Ni hablar del peluquín
Paco Rabal pasó de sufrir brutalmente por su calvicie, que le llevó a ponerse un peluquín muy delator, a reírse de ella sin rubor. Lo cuenta Jesús García de Dueñas en «Ronda del Gijón», de Marcos
Paco Rabal pasó de sufrir brutalmente por su calvicie, que le llevó a ponerse un peluquín muy delator, a reírse de ella sin rubor. Lo cuenta Jesús García de Dueñas en «Ronda del Gijón», de Marcos Ordóñez: uno de sus chistes favoritos era «entrar en los sitios y saludar quitándoselo como quien se quita un sombrero». No es extraño que Paco Rabal sufriera por su pérdida de pelo, porque buena parte de los hombres sufre cuando su cabeza se pela.
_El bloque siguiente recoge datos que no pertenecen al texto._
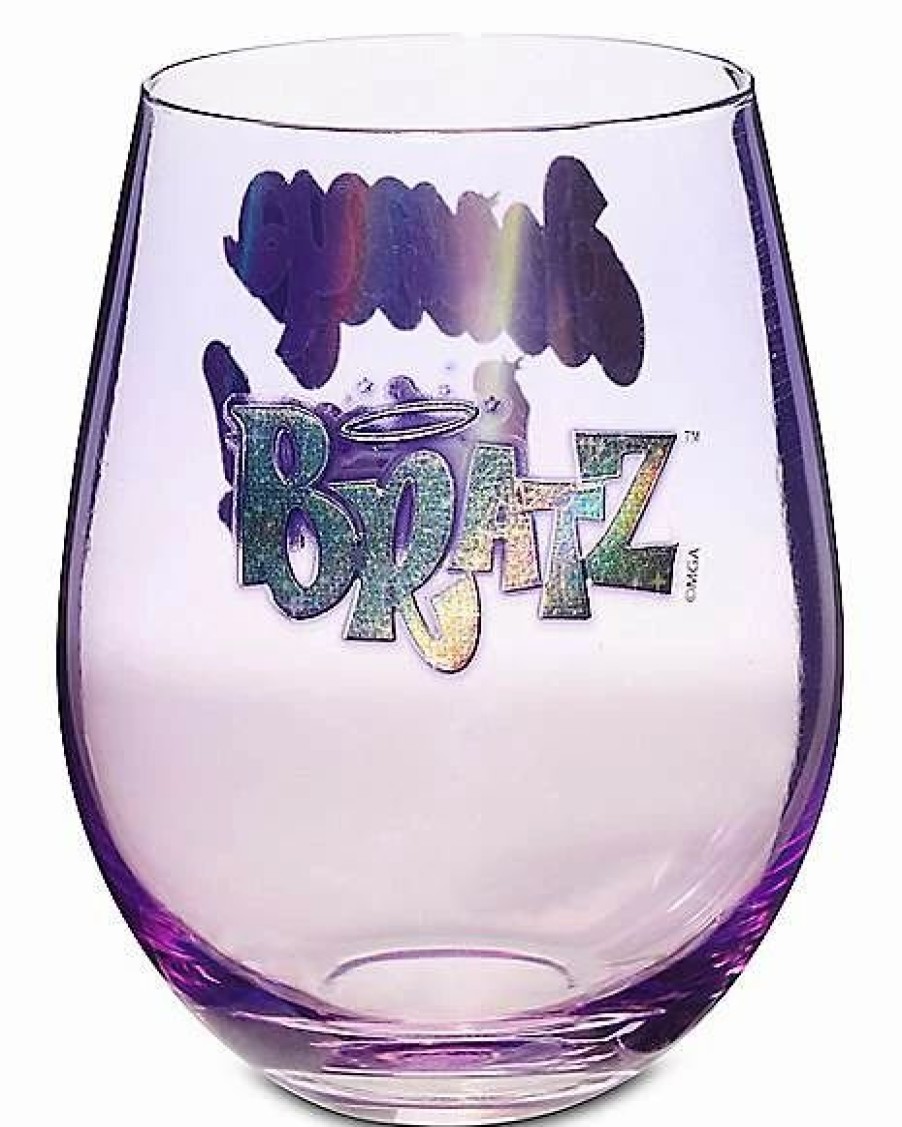 Television * Hot Sale Dump Him Bratz Stemless Glass 22 Oz. Purple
Remedios para disimular la calvicie ha habido desde los egipcios, y se han ido progresivamente tecnificando, sin llegar a perder del todo su aire postizo y cutre.
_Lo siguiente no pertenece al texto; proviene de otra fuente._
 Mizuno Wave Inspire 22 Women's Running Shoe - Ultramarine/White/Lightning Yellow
Como calvo, y calvo orgulloso, siento cierta vergüenza, edulcorada con un inmediato punto de ternura, cuando veo hombres con peinados «cortinilla», hombres con bisoñés, apliques que tienen una tendencia chusca a desplazarse hacia los ojos, hombres con implantes capilares u hombres que se han aplicado tinte en spray en sus zonas claras. Sin duda, tienen bien domados los espejos de su casa.
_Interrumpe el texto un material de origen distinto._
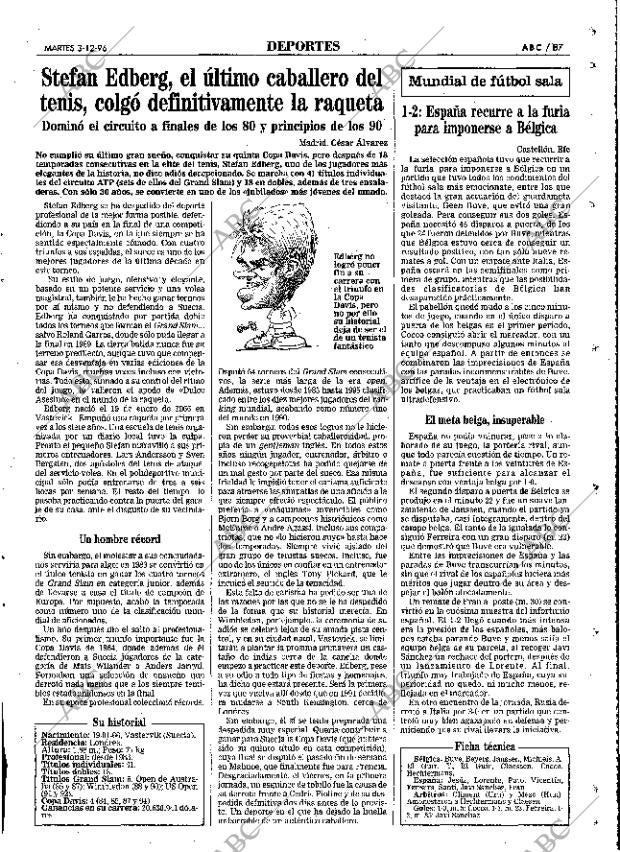 ABC MADRID 03-12-1996 página 87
No es raro que los calvos intenten disimular su calvicie. Una buena cabellera sigue siendo una buena garantía de éxito social, y así lo cuenta Malcolm Gladwell en su interesante ensayo «Inteligencia intuitiva». Es ese éxito el que hace que actores como Nicholas Cage tengan que trabajar mucho más con los pelos que con la interpretación.
Recientemente, los calvos sin complejos, liberados de la tiranía capilar, hemos dado un paso al frente con las cabezas despejadas y hemos conseguido que nuestras calvas, y ahora no estoy hablando precisamente de la mía, empiecen a resultar atractivas, sexies, interesantes.